If you know me, you know I'm a frequent flyer of one of the major airlines in the world. I’ve spent many years and many miles flying with it. The company should know a lot about me, right? At the most minimalistic level, it should know my name and my phone number. And sometimes it does. But when it doesn’t, it’s the most confusing and baffling thing.
Not long ago, my provider of #upintheair journeys implemented a new system for its frequent flyer member services. It’s nice. I call the magic number and a magic man says in a soothing voice and nicely-neutrally-accented American English: “Hello, Irina. Welcome back. What can I do for you today?”
You see, as long as I call from my mobile phone, the company knows it’s me. I don’t need to fat-finger in my frequent flyer number, or go through nine rounds of hell with voice systems that don’t always understand my cute Russian accent, or wait for hours on end to get to my latest reservation. It’s a nice approach to the first round of customer support, which is indeed one of the foundational elements of any CXM strategy.
So far so good, right? But this is where the pesky details and lack of attention to them can ruin the deal. And I don’t mean the company's constant email campaigns asking me to upgrade to Economy Comfort, when it knows all too well that I am flying in business class.
- Or the fact that the website can never seem to remember my meal preferences, even though I have entered that info a million times.

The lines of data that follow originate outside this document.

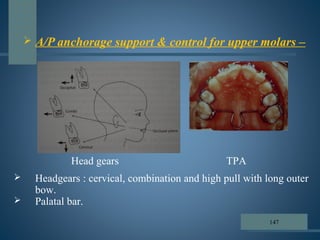  A/P anchorage support & control for upper molars –
Head gears TPA
 Headgears : cervical, combination and high pull with long outer
bow.
 Palatal bar.
147
 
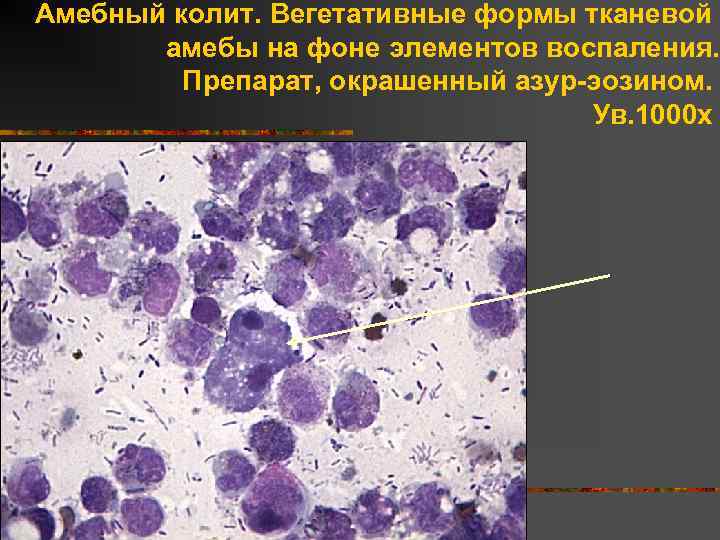 Амебный колит. Вегетативные формы тканевой амебы на фоне элементов воспаления. Препарат, окрашенный азур-эозином. Ув.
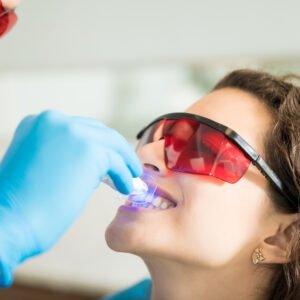 Blanqueamiento Dental LED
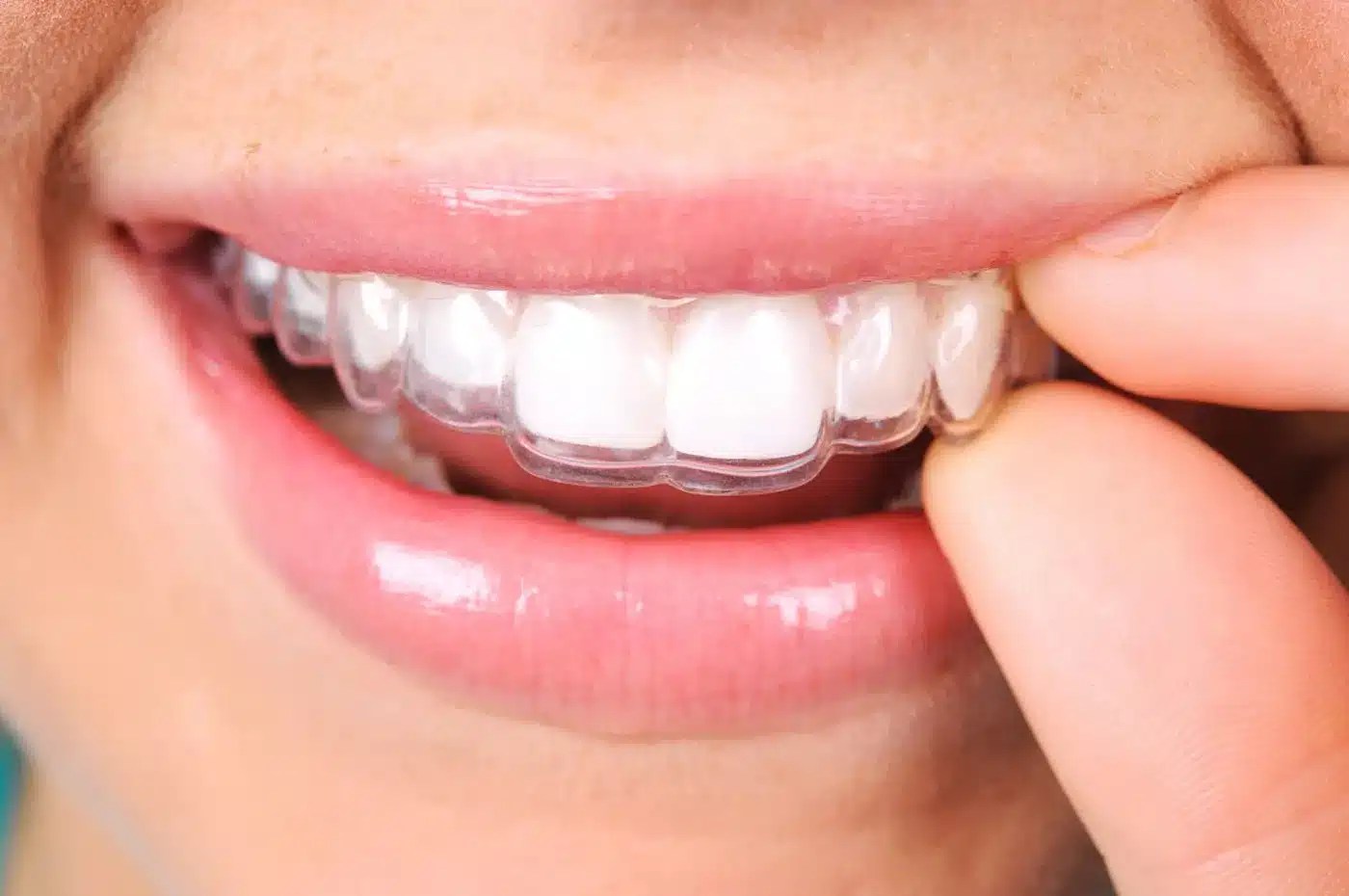 How Does Invisalign Work? Dr Pierre Dentistry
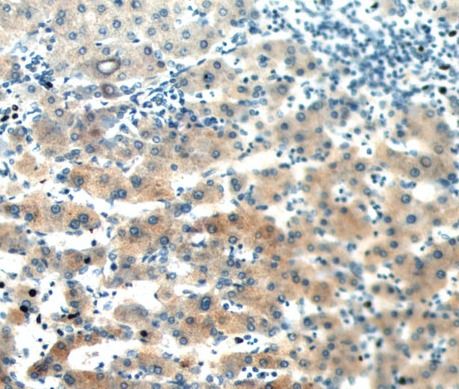 SAA2 Antibody - BSA Free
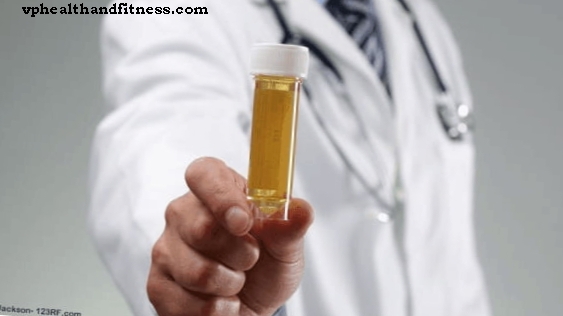 Exames de urina para detectar câncer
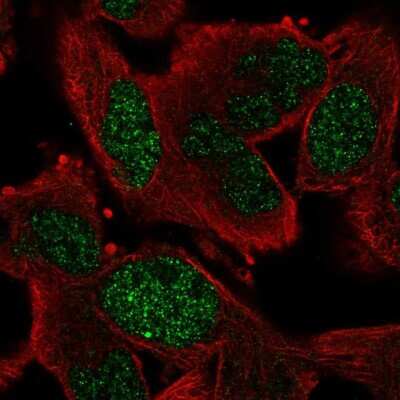 Immunocytochemistry/ Immunofluorescence: GEN1 Antibody [NBP2-30783]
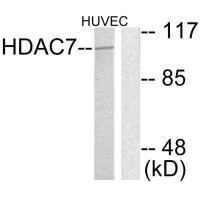 Anti-HDAC7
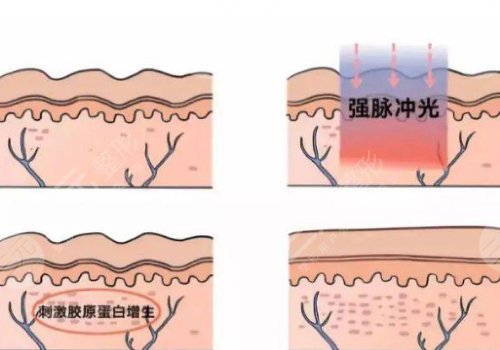 激光去疤痕需要幾次才能徹底消除？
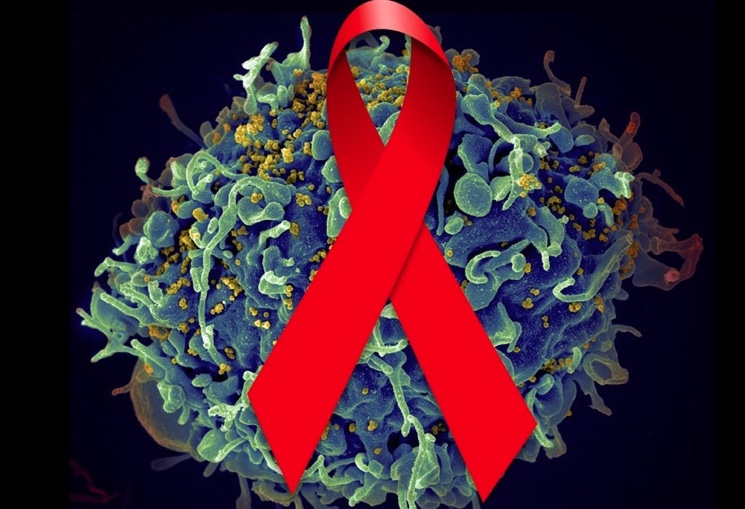 Что такое СПИД и как от него защититься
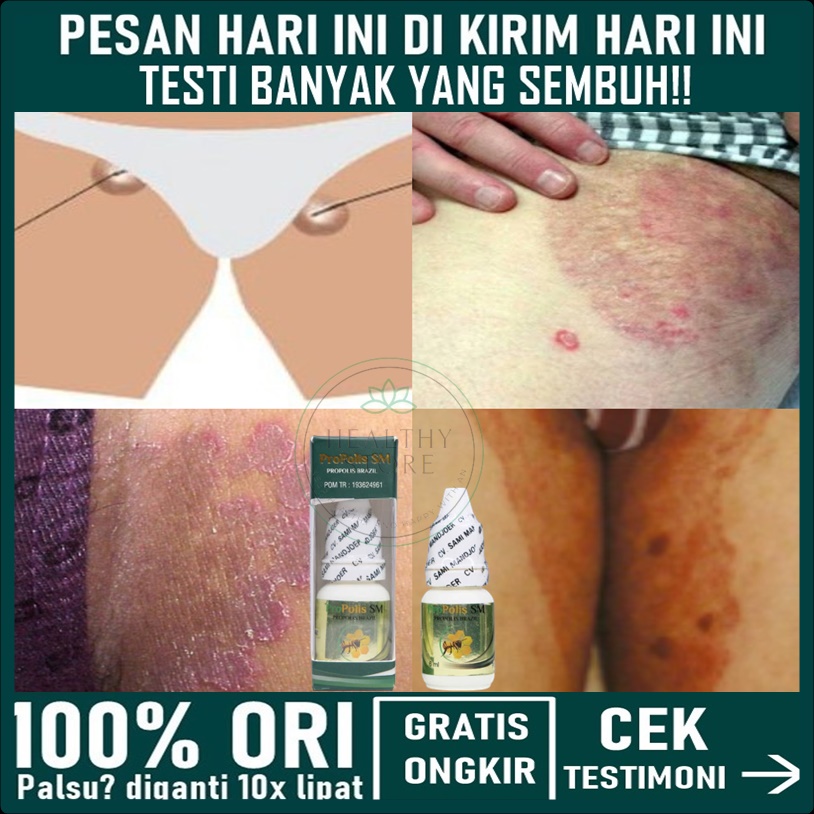 Obat Benjolan Di Selangkangan, Selangkangan Lecet , Obat Gatal Selangkangan, Penghancur Benjolan Sel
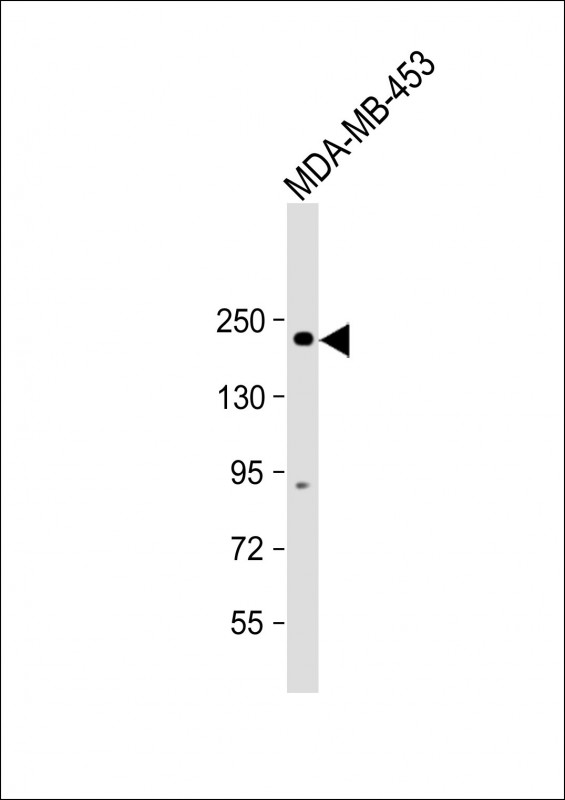 Anti ERBB2 Antibody (Y1127) at 1:1000 dilution + MDA-MB-453 whole cell lysateLysates/proteins at 20 �g per lane. SecondaryGoat Anti-Rabbit IgG,  (H+L), Peroxidase conjugated at 1/10000 dilution. Predicted band size : 138 kDaBlocking/Dilution buffer: 5% NFDM/TBST.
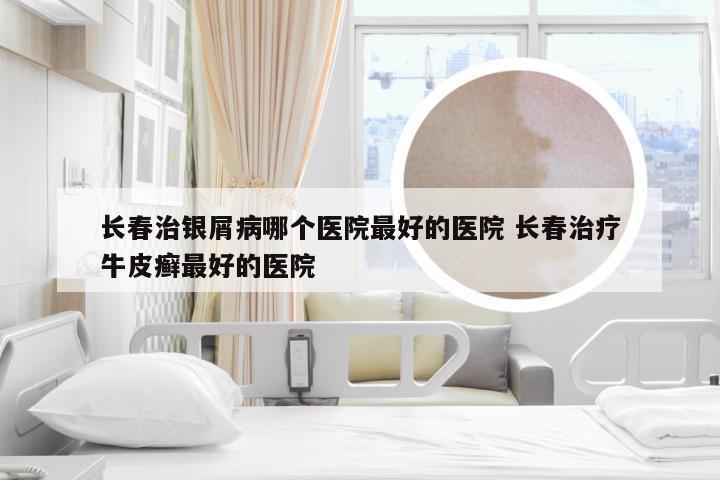 长春治银屑病哪个医院最好的医院 长春治疗牛皮癣最好的医院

- Or the fact that it fails to transfer my customer information across its universe of airline partners.
- Or the fact that even though the experience is supposed to be multichannel, I cannot do all the things in the mobile app that I can do online.
For me, the CXM failure came from a comparatively little annoyance. After the “Welcome back, Irina,” I chose not to stay on (an excruciatingly painful) hold and decided to chose the “We will call you back” option.
The CXM chain broke yet again: I was asked by a cold, automated system voice to provide my name, my number and the best time to call. And I had to punch in that info on my call-in-progress interface in my smart phone. Imagine the irony: when I call them, they know me. But when they call me, they don’t know me?
You see -- it’s the little details that matter, too. Not just your overall grand and shiny CXM strategy and lie-flat seats. In isolation, this incident didn’t necessarily aggravate me enough to jump on flying a different airline, but it made me wonder. Why don’t they *know* me, if they know me so well?
In this particular case, I am not even talking about any sophisticated personalization strategies.
The Little Things
To do personalization well, you really need to understand who your audience is. And while it sounds simple in theory, it has proven to be a difficult task for many organizations.
Then, you also need to make sure you have created relevant content for each segment of your audience to keep them interested and engaged — or that you are upselling relevant products to customers who have bought from you in the past, and not just any new product that you have in the inventory. Upselling the wrong types of products will only lead to alienation of your audience.
Step away for a second from the sophistication of the process I outlined above (or the topic of big data and the mounds of information you gather about your customers, even if you don’t know yet how to use it). Let’s start with simply making sure we know who our customers are — at least by name, phone number, email address or some other type of unique identifier. What you can do in your CXM strategy from here may go a long way.